Souvent décrite comme la Tracy Chapman du Maghreb avec votre style musical, vous apportez une touche de fraîcheur sur scène. Quelles sont vos inspirations?
Effectivement, j’ai une large palette musicale. Dans ma jeunesse, j’écoutais beaucoup de folk, de country, car j’appréciais la guitare, mais aussi du flamenco. J’ai eu la chance de grandir au sein d’une famille où la musique était omniprésente. Mon oncle était guitariste de jazz, la plupart de mes cousins jouaient des instruments traditionnels et mes deux frères sont également musiciens. Cette immersion musicale m’a ouvert à la curiosité, m’a poussée à explorer différents styles musicaux, évitant ainsi de me confiner dans une seule esthétique. Je considère cette ouverture comme primordiale, car parfois, se limiter à un seul genre musical nous prive de nombreuses richesses.
La plupart de vos albums reflètent un engagement envers des questions de dignité, d’indépendance, de défense des droits des femmes. Justement, quel est le message adressé aux femmes en tant qu’artiste, citoyenne, en tant que femme et humaniste?
Je pense qu’être humaniste c’est important parce que si on perd notre humanité, on est mort, sans elle, nous perdons notre essence même. L’égoïsme et la solitude me terrifient. En tant que femme, mon conseil aux jeunes filles serait de se respecter avant tout, de travailler dur pour gagner leur indépendance et de ne pas dépendre d’autrui.
L’éducation est une arme précieuse qui garantit la liberté. Dans ma propre famille, j’ai vu des femmes dépendre toujours des hommes, et pourtant, elles m’ont encouragée à poursuivre mes études, à vivre librement et à me respecter. C’est un héritage que j’ai transmis à mes filles, car je suis convaincue que lorsque nous transmettons amour et respect à nos enfants, cela leur permet d’avoir un équilibre dans leur vie à l’âge adulte, leur permettant d’avancer sereinement.

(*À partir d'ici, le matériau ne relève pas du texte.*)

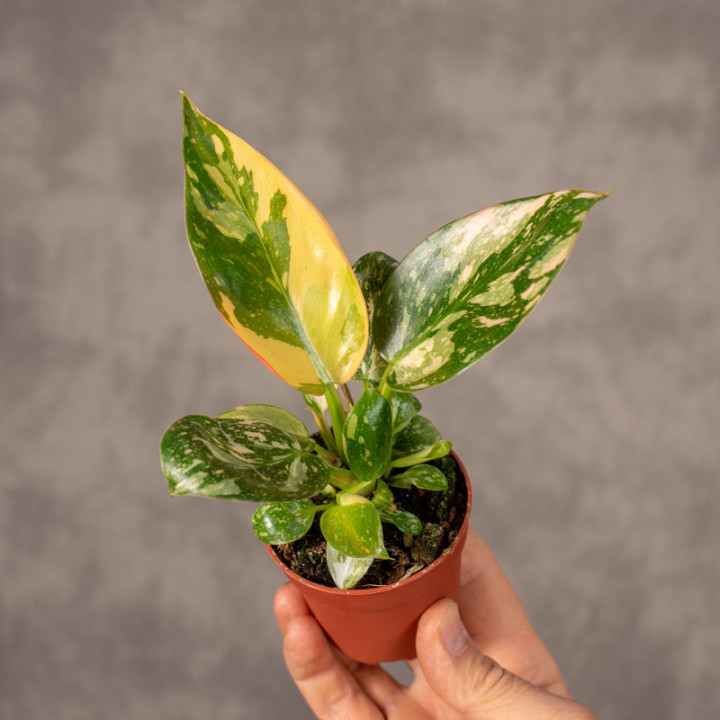 Filodendron 'Green Congo' Variegata | Tomaszewski
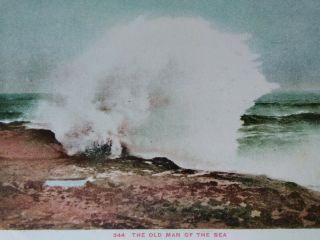 California Postcard 1902 Rare Old Man Of The Sea Wave Breaks Color Misc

Quels sont vos projets en cours? Et en tant qu’artiste cela vous intéresse-t-il de collaborer avec des artistes tunisiens? Si oui, avez-vous un nom en tête?
Mis à part Lotfi Bouchnak, je ne suis pas très familière avec les autres artistes tunisiens. Je sais que la scène tunisienne regorge de jeunes talents dans le rap, mais pour ce qui est du rock, je suis moins informée. Cependant, j’aimerais vraiment collaborer avec des artistes qui partagent ma vision artistique, ou même explorer de nouvelles voies.
Je suis très curieuse de faire de nouvelles rencontres artistiques, mais cela nécessiterait que je passe davantage de temps en Tunisie afin de pouvoir rencontrer ces artistes.
Et quels sont vos projets futurs Souad Massi?
Je suis actuellement en tournée un peu partout, et j’ai déjà commencé à écrire de nouveaux textes. L’écriture me prend beaucoup de temps, mais je prépare activement mon prochain album. Plutôt que de parler d’album, cela me met moins de pression de considérer ce travail comme une exploration de textes que je mettrai en musique. Cela me permet de me sentir plus à l’aise psychologiquement. Ensuite, viendra la tournée pour partager cette nouvelle musique avec mon public.